Oleh: Ela Laela sari
Muslimah Peduli Umat
Kemiskinan masih menjadi problem kronis di berbagai belahan dunia. Bukan hanya orang dewasa, anak-anak pun terkena imbas akibat masalah menahun ini, terdapat 1,4 miliar anak di dunia hidup tanpa perlindungan sosial.
Berdasarkan data PBB dan badan amal Inggris save the children International, miliaran anak ini merupakan anak di bawah usia 16 tahun. Akibat tidak adanya akses perlindungan sosial, anak-anak Renta terpapar penyakit gizi buruk dan kemiskinan. Direktur Global United Nations Children's Fund (UNICEF) Natalia winder Rossi, mengatakan bahwa secara global terdapat 333 juta anak yang hidup dalam kemiskinan ekstrem berjuang untuk bertahan hidup dengan pendapatan kurang dari USD 2,15 atau setara dengan Rp 33,565 per hari dan hampir 1 miliar anak hidup dalam kemiskinan multidimensi.
Data tersebut membuktikan bahwa dunia terutama anak-anak sedang tidak baik-baik saja dalam dekapan kapitalisme. jika kita cermati, ancaman kemiskinan ekstrem, gizi buruk, hingga kelaparan yang dihadapi anak-anak, bukan karena rendah atau tingginya cakupan tunjangan anak, melainkan lebih kepada penerapan sistem kapitalisme secara global.

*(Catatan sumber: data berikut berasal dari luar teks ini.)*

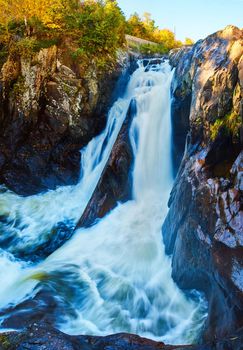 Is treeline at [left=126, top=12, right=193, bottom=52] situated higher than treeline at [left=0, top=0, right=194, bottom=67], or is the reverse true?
treeline at [left=126, top=12, right=193, bottom=52]

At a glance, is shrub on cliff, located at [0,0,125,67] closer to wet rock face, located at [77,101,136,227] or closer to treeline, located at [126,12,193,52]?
wet rock face, located at [77,101,136,227]

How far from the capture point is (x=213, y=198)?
15.8ft

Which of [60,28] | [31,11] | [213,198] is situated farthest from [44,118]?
[213,198]

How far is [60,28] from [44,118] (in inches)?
127

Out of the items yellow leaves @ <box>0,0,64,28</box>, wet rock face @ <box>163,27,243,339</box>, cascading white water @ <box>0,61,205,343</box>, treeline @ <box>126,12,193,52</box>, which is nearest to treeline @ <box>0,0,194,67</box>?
yellow leaves @ <box>0,0,64,28</box>

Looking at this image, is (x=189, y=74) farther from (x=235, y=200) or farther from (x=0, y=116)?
(x=0, y=116)

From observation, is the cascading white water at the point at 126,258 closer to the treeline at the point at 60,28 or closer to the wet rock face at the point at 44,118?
the wet rock face at the point at 44,118

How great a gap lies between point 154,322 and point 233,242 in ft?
6.44

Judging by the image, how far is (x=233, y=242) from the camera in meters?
4.11

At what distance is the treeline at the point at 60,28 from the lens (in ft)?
36.3

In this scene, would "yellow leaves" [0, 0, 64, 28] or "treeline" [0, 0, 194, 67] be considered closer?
"treeline" [0, 0, 194, 67]

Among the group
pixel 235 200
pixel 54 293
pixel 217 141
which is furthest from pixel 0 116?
pixel 235 200

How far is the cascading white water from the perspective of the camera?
16.9ft

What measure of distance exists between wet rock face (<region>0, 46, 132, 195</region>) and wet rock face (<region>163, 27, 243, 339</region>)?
4.88m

Dalam sistem kapitalisme, ada istilah negara berpendapatan tinggi dan negara berpendapatan rendah, bahkan ada juga julukan negara maju dan negara berkembang. Negara maju mengatur ekonomi secara global, dan negara berkembang mengikuti aturan main yang diterapkan negara maju selaku pengemban ideologi kapitalisme.

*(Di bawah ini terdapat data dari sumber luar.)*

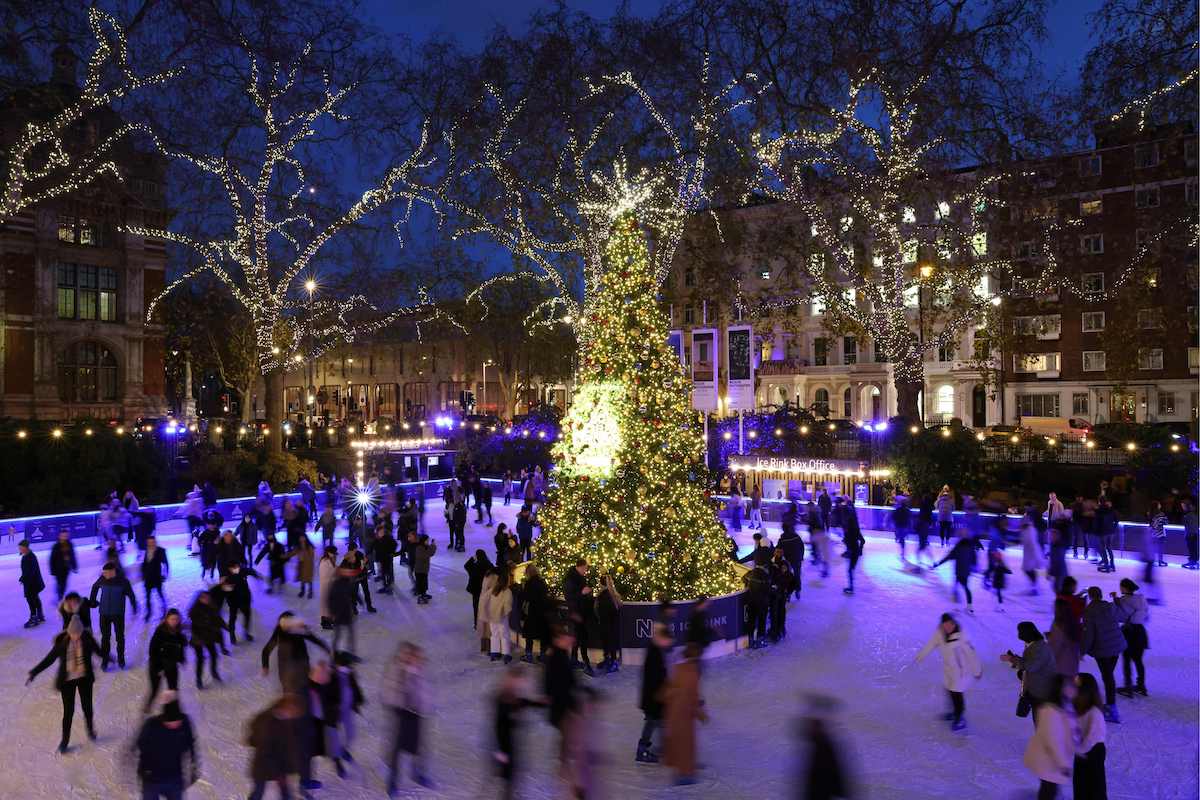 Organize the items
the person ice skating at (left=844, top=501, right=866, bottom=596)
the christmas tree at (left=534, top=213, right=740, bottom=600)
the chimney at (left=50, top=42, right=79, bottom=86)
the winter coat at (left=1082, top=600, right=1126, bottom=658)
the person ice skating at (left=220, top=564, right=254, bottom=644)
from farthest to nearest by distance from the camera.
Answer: the chimney at (left=50, top=42, right=79, bottom=86)
the person ice skating at (left=844, top=501, right=866, bottom=596)
the christmas tree at (left=534, top=213, right=740, bottom=600)
the person ice skating at (left=220, top=564, right=254, bottom=644)
the winter coat at (left=1082, top=600, right=1126, bottom=658)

Mengapa ada negara yang berpendapatan tinggi dan rendah yang mempengaruhi tingkat kemiskinan di negara tersebut? Pada dasarnya, sistem kapitalisme meniscayakan hal itu terjadi. Karena sistem ini sifatnya eksplosif dan destruktif. Eksplosif karena eksistensi ideologi ini tidak bisa dilepaskan dari cara penyebarannya, yakni penjajahan atau imperialisme.

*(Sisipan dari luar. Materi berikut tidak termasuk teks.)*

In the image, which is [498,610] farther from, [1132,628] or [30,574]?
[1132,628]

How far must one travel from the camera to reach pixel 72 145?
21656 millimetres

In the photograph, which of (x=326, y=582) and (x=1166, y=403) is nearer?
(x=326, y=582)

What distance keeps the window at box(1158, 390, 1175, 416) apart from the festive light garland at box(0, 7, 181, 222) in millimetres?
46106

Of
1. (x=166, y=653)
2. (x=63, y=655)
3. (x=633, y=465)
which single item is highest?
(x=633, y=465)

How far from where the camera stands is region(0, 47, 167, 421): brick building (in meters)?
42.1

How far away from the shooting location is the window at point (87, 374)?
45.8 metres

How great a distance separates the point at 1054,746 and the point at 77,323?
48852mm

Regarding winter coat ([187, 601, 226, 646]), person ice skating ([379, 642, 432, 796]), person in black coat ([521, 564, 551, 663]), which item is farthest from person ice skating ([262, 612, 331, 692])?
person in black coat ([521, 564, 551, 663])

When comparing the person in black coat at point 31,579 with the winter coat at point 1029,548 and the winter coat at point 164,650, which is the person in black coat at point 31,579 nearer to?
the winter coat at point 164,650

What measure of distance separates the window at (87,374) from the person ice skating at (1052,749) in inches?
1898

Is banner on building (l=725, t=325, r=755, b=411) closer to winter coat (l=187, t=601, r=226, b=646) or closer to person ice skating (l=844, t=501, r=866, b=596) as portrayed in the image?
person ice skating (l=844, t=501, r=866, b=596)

Destruktif artinya sistem ini memiliki daya rusak yang dahsyat. Atas nama kebebasan kepemilikan dan liberalisasi pasar, satu atau dua individu bisa menguasai suatu negara. Inilah yang disebut oligarki kapitalisme. Kondisi ini merupakan konsekuensi dari reinventing government yang mana negara hanya berperan sebagai regulator dan fasilitator.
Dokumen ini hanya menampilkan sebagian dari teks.